6.4.4 Philosophy and Goals

  • (V.B) Rules should be established for the organization of SRT packages. This must include directory structures, testing, and documentation procedures.
  • We recommend that MINOS use the Fermilab SoftRelTools.
  • CDF has substantial experience (Art Kremer of the PAT group) in distributing code and releases using CVS and SRT, make use of this experience. We do not recommend CDF's nightly build strategy, but prefer the test release build procedures from D0.
  • Clarity of the two time scales is good. Focus should be on what needs to be done, not how it will be done.
  • Long term goals: Mentioned assess, rewrite, redesign.

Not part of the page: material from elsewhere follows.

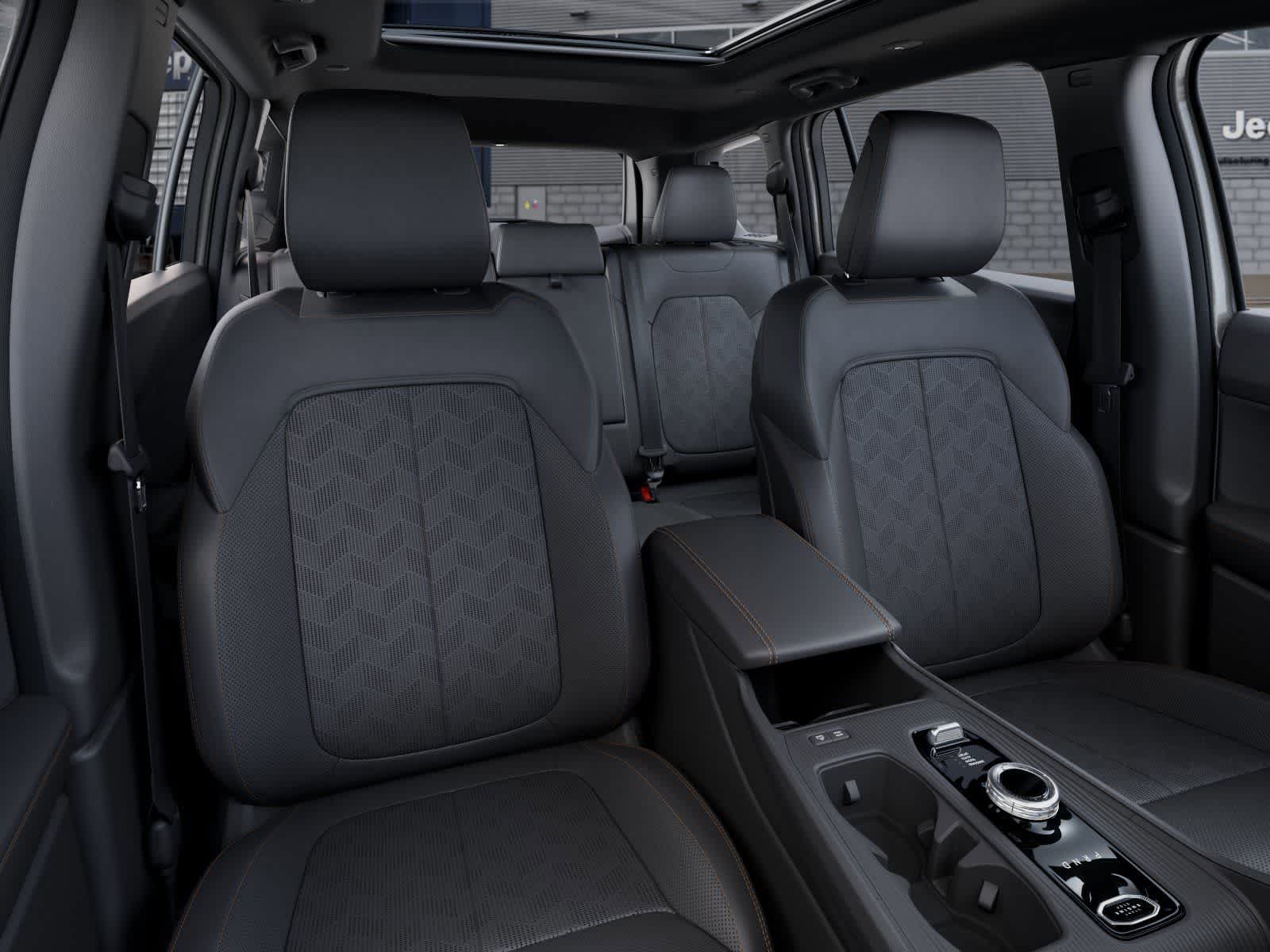 Thumbnail: 2026 Jeep Cherokee - 15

Should also be reassessing the requirements, and should not be surprised if large portions need to be thrown away.
  • General requirements: Should have been made already; even in a short, simple form. Now MINOS needs something for real; not just a simple feature sheet (see Section 2.1)

6.5 Framework

The talks in this group seemed to be overlapping; they also seemed to be addressing similar things in different ways. Trying to figure out their relationship and how they work together was not clear. The framework itself and JobOptions are in need of a separate detailed review. The Candidate package appears to be partially in the event model area.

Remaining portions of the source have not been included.